I did: It contained one round-trip TWA ticket to Cleveland.
“Cleveland?”
“I want you to go on vacation, and not think about your job. And not worry about Marilyn Monroe. So we’ve arranged for you to spend some time in Cleveland. A
t the Pick-Carter. You heard of it?”
“I’ve hardly even heard of Cleveland.”
“It’s a lovely hotel. You can only do your job when you’re thinking clearly.”
“I’m thinking clearly.”
“Oh?”
“You don’t believe me.”
A voice at the door: “Dr. Curphey?”
He looked up. “Yes?”
His secretary. “May I see you for a second, please.”

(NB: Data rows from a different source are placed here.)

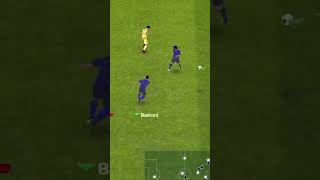 Ousmane Dembélé Power Shot amp R2 🔥🤯 fcmobile shorts fifamobile [upl. by Idham814]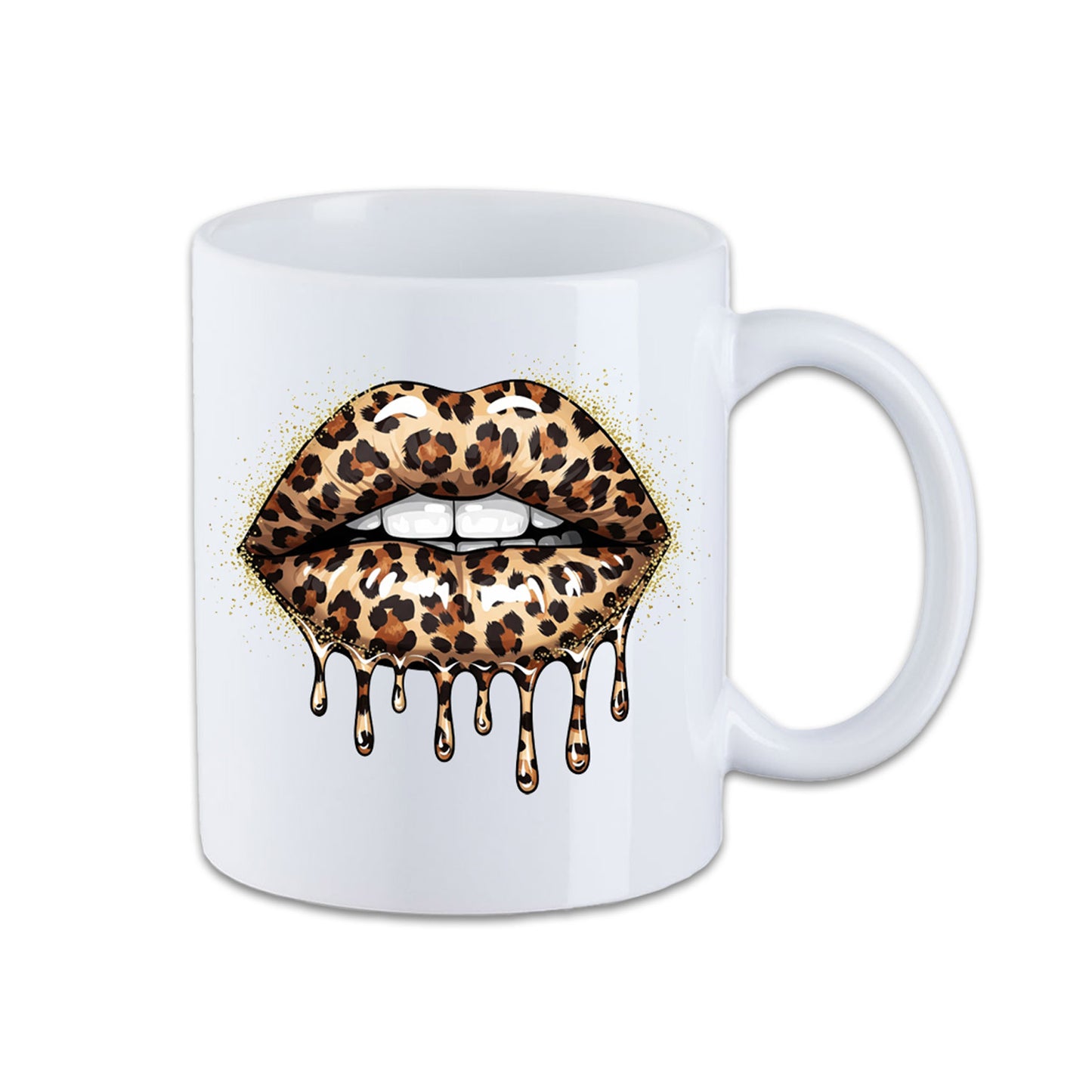 Tasse - Leo Lips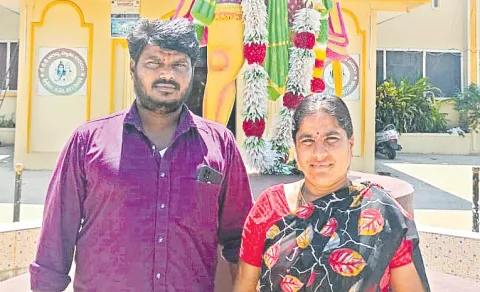 family ends life in Financial difficulties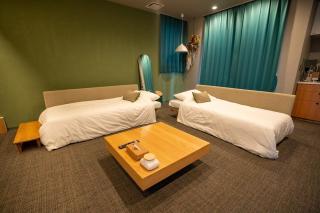 UU HOME - Vacation STAY 28487v - Biei - 2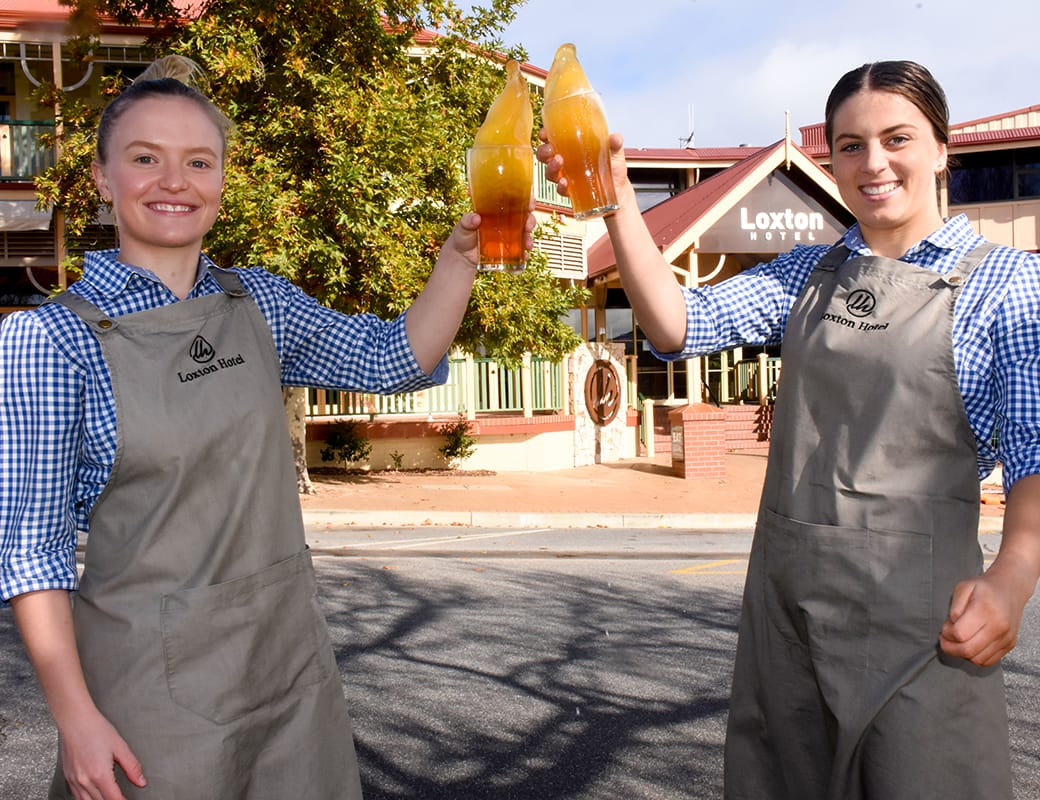Pubs back in business: We’ll drink to that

Curphey looked at me as he left the office.
I tapped my finger on his desk and looked around, at the window, the TV, the golf clubs . . . and the bookshelf:
Volumes of history, psychology, forensics . . . and The Enemy Within by Robert Kennedy.
Bingo.
I took the book down from the shelf and opened it.
“Dear Dr. Curphey,” read the inscription on the inside plate: “With thanks and gratitude. Yours ever, Bobby.”
24.
I was on the second floor of the library on Fifth, reading The Enemy Within by the green light of a lawyer’s lamp on a long oak table. The Monroe diary sat to my right. It was late, I didn’t know what time, and I was alone except for the bum who slept with his head on crossed arms two tables ahead. He kept moving in his sleep, snakelike. A severe librarian sat behind the desk in the middle of the room.
I lit a cigarette. I dragged and tried to tamp the ash, but there was no ashtray. I set the butt on the edge of the desk and returned to the book.
In 1955, Robert Kennedy was chairman of the Senate Select Committee on Improper Activities in the Labor or Management Field, also known as the McClellan Committee. Senator John McClellan, D-Arkansas, was chairman. The investigation into Teamster president Dave Beck and, later, Jimmy Hoffa began when the subcommittee started nosing into mob and Teamster involvement in the manufacturing and distribution of clothes for the military.